My disagreement with Dembski and Ewert’s argument
I have previously reviewed Dembski and Ewert’s argument in my 2024 review(s) of the 2nd edition of The Design Inference here at PT:
and also in previous posts of mine expressing puzzlement at Dembski and Ewert’s Algoirthmic Specified Complexity criterion, here, here, and here.
In the examples in William Dembski’s “specified complexity” arguments, he attempted to define a quantity that one could compute, one that was large when we considered a well-adapted organism or well-adapted phenotype. Then there had to be an argument that this large a value could not be produced by natural selection.
Originally, in Dembski’s 2002 book “No Free Lunch: Why Specified Complexity Cannot be Purchased Without Intelligence”, this was supposed to be accomplished by his Law of Conservation of Complex Specified Information. This failed, and the LCCSI faded away and has not been heard from in years. There was an interim, about 2005, in which Complex Specified Information was a label assigned after it had been shown by unrelated means that the adaptation could not arise by natural selection.
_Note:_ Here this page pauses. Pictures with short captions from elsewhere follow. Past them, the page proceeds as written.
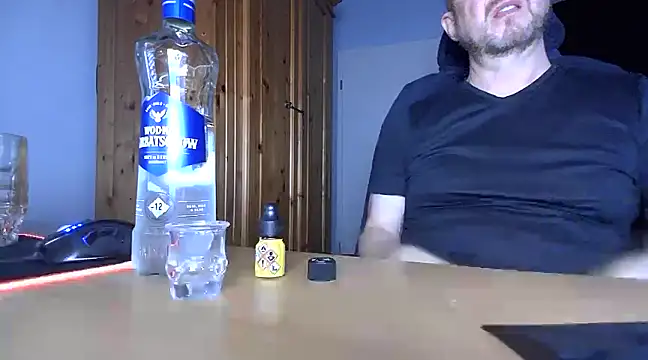 Snapshot of Tom_PP_cgn chatting on January 7, 11:56 pm Tom PP cgn online show from January 7, 11:56 pm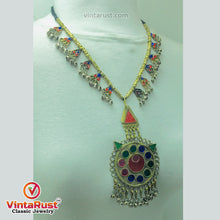 Load image into Gallery viewer, Antique Beaded Chain Pendant Necklace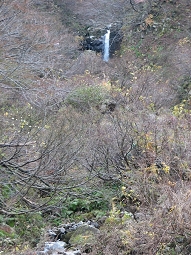 黒菱山登山口からみた亀の口焼山の滝.jpg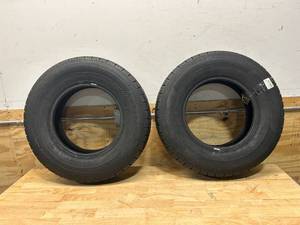 lot 13 image: HI-RUN Sutong Tires, ST22575R15 10PR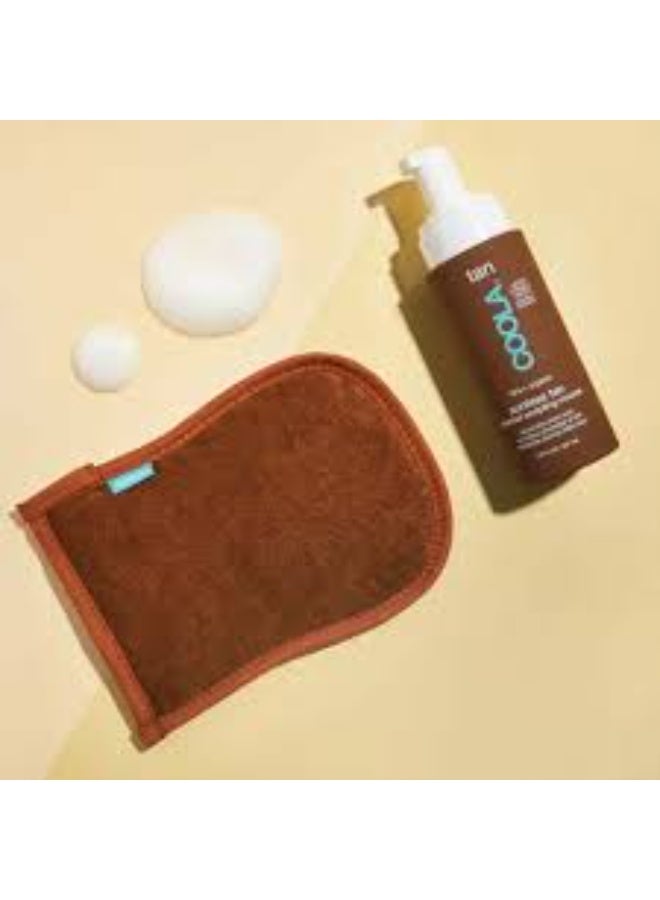 كولا أداة توزيع المكياج/المقشر Coola® Sunless Tan 2 في 1 - Image 3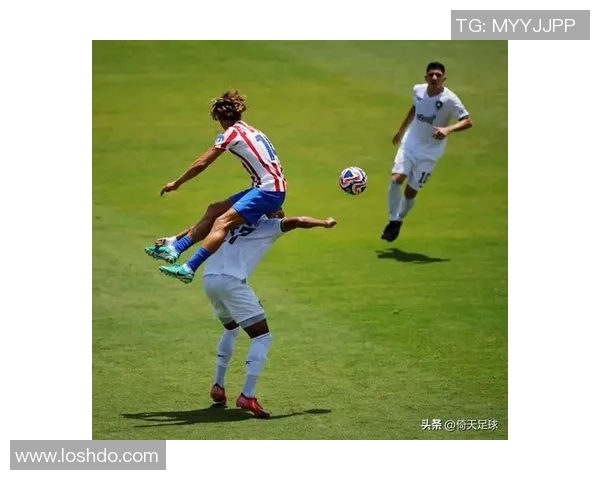 10月11日足球明星赛场精彩瞬间回顾与表现分析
There followed Dembski and Ewert’s Algorithmic Specified Complexity. This is explained in detail in their second edition of Dembski’s 1996 book “The Design Inference. Eliminating Chance Through Small Probabilities”. In the two-part review of the second edition of the book, linked above, and in the 2019 post here at Panda’s Thumb, I raised some questions about the use of ASC to show that anything could not evolve by natural selection.
Most importantly: how did their argument work? Was it
essential that a short program (or “description”) be able
to compute the details of the phenotype? Why? Even if it could
be shown that this was essential, was it impossible to
evolve step-by-step? Their book did not grapple with any
of these questions. Instead it spent a lot of time
complaining about Dawkins’s Weasel and about “bad design”
arguments, and other side issues.
I pointed out that they never relate ASC to fitness, let alone show that natural selection cannot achieve it. They simply leave those essential points unaddressed. In discussions of Kolmogorov Complexity, it can be argued that a long string has low probability. But the distribution being used is arbitrary, and has nothing to do with probability of being evolved by natural selection.
My worries about Cosgrove’s argument
Cosgrove also does not discuss the relation of the ASC criterion to fitness. Even if it could be shown that a short string codes for the development of a very elaborate structure, there needs to be some connection to fitness. A whale whose genotype makes it grow up to look exactly like a sequoia tree will not be well-adapted. But it will have lots of D&E’s ASC.
Bringing fitness in does enable us to show that a string has functional information. Cosgrove does not get into that. As far as I can tell, any argument like Dembski’s, or Dembski and Ewert’s, must bring in fitness or fit adaptations at some point.
I hope that Cosgrove, and/or Dembski or Ewert, can make comments here explaining why my concerns are misguided.